Excerpted data —
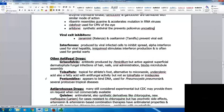Some other antifungal drugs: griseofulvin is an antibiotic produced by penicillin mold, active against superficial dermatophyte fungal infections of the hair and nails. It is orally administered and blocks microtubule assembly. Tolnaftate is used topically for athlete's foot and is an alternative to miconazole. Undecylenic acid is a fatty acid with antifungal activity, but not as effective as tolnaftate or the imidazoles. Pentamidine appears to bind DNA and is used for Pneumocystis pneumonia and several protozoan tropical diseases.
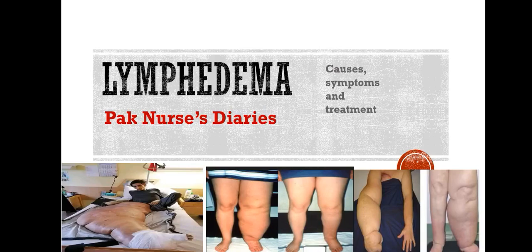Hello, assalamualaikum and hi students. Today we will discuss about lymphedema — what it is, its causes, symptoms, treatment, and how we can protect against it.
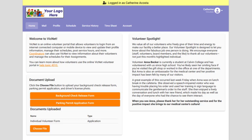Hi, this is Tim at Volgistics with your tip of the week for October 17, 2022. Now if your organization uses the VicNet module, there may be times where you want to preview what your volunteer sees when they log in.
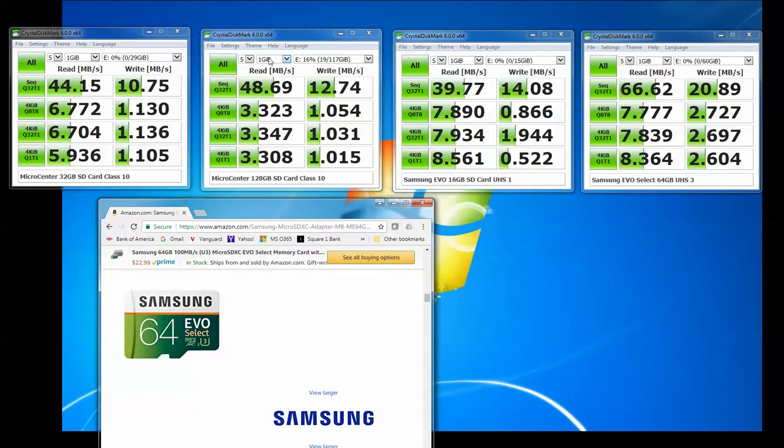You're probably wondering in this, on the test over here, what this 128 gigabyte card is here. This is the card that I've been using in my cell phone. It's a Micro Center card also. It's a Class 10, and as you expect, it's the same sort of speeds as the 32 gigabyte Class 10.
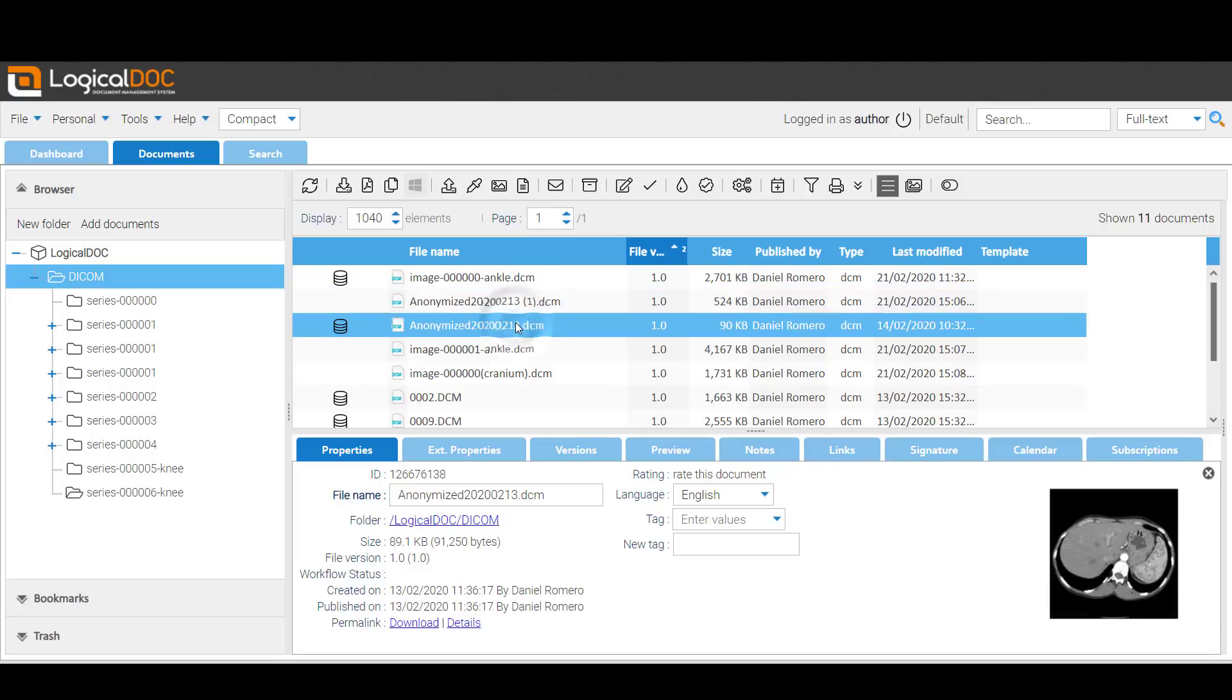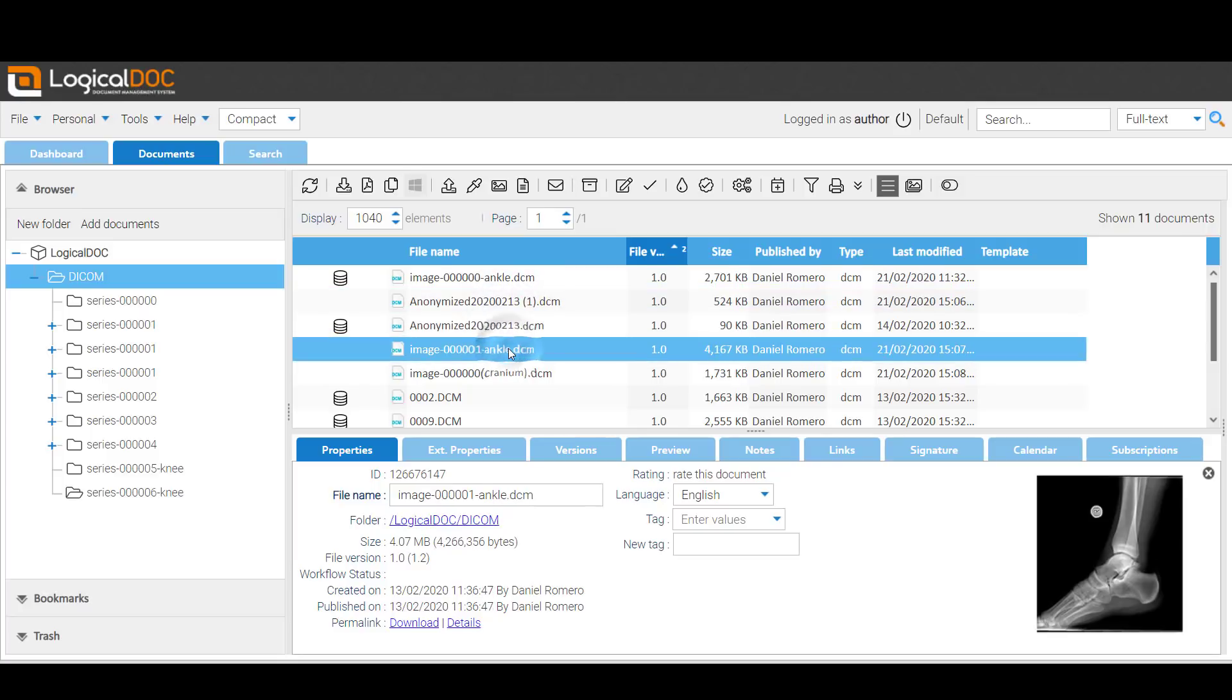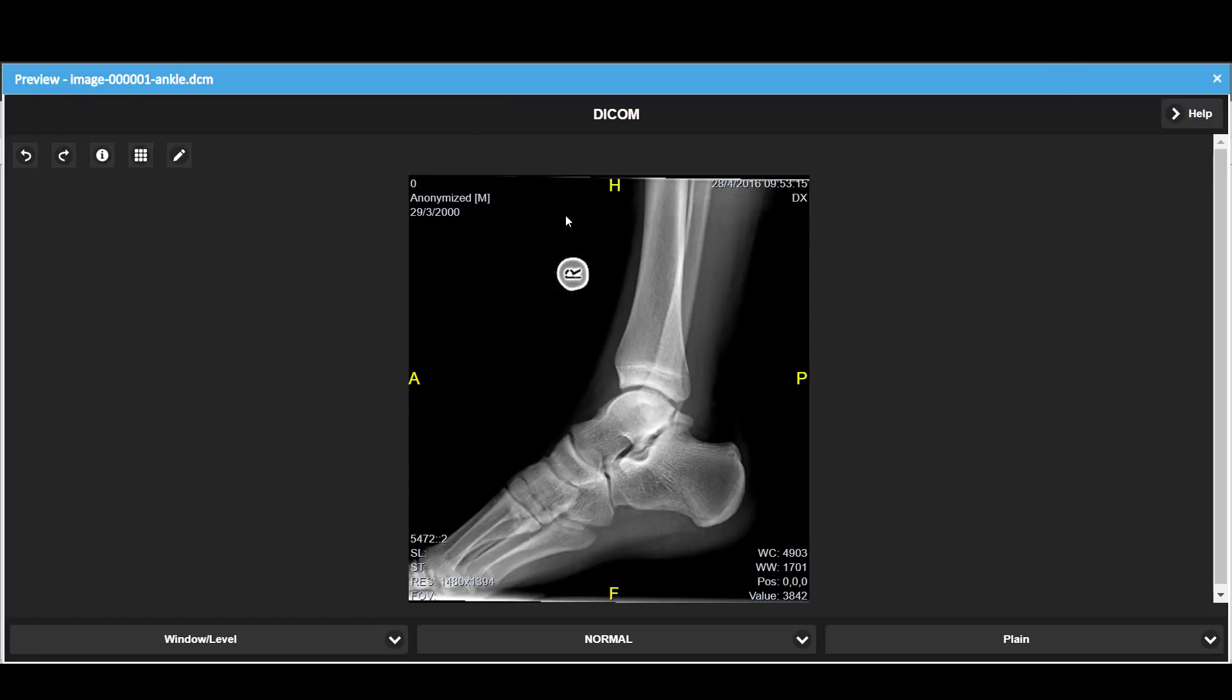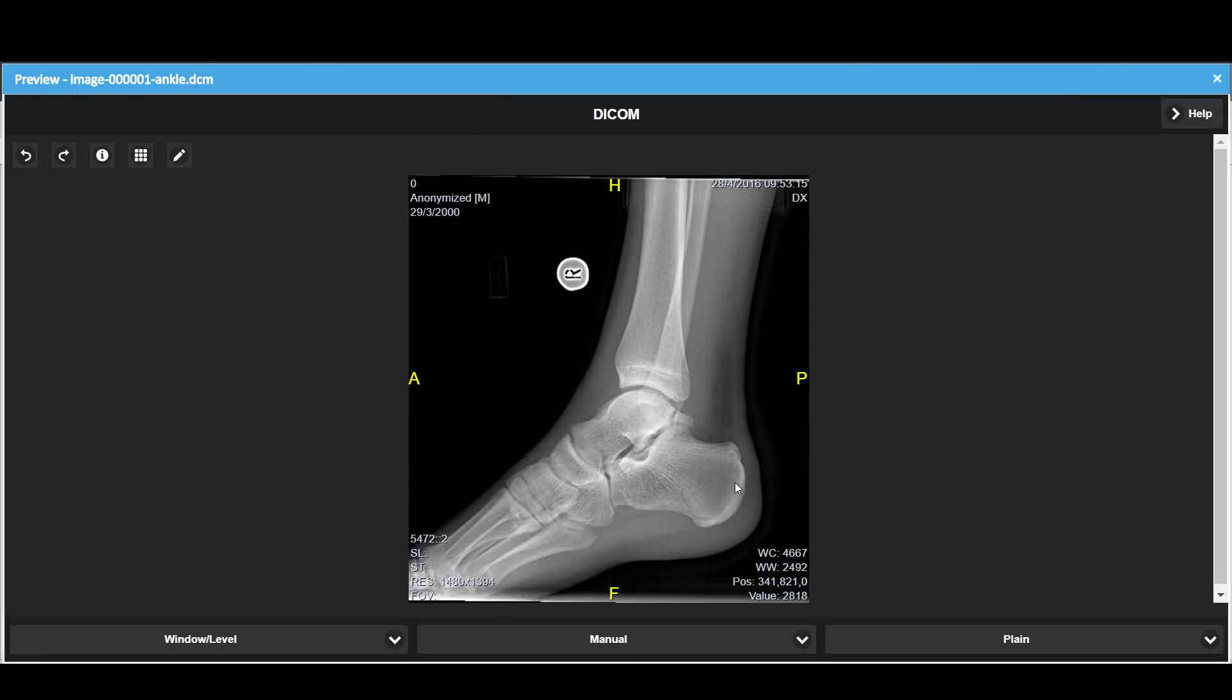Now let's activate the full screen preview. By dragging your mouse, you can increase or decrease the contrast.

Task objective —
An exact copy of the lines from the one with "Hello, assalamualaikum and" through the last line of the records, inclusive, is required, with all pictures left out.

Solution to this task —
Hello, assalamualaikum and hi students. Today we will discuss about lymphedema — what it is, its causes, symptoms, treatment, and how we can protect against it.
Hi, this is Tim at Volgistics with your tip of the week for October 17, 2022. Now if your organization uses the VicNet module, there may be times where you want to preview what your volunteer sees when they log in.
You're probably wondering in this, on the test over here, what this 128 gigabyte card is here. This is the card that I've been using in my cell phone. It's a Micro Center card also. It's a Class 10, and as you expect, it's the same sort of speeds as the 32 gigabyte Class 10.
Now let's activate the full screen preview. By dragging your mouse, you can increase or decrease the contrast.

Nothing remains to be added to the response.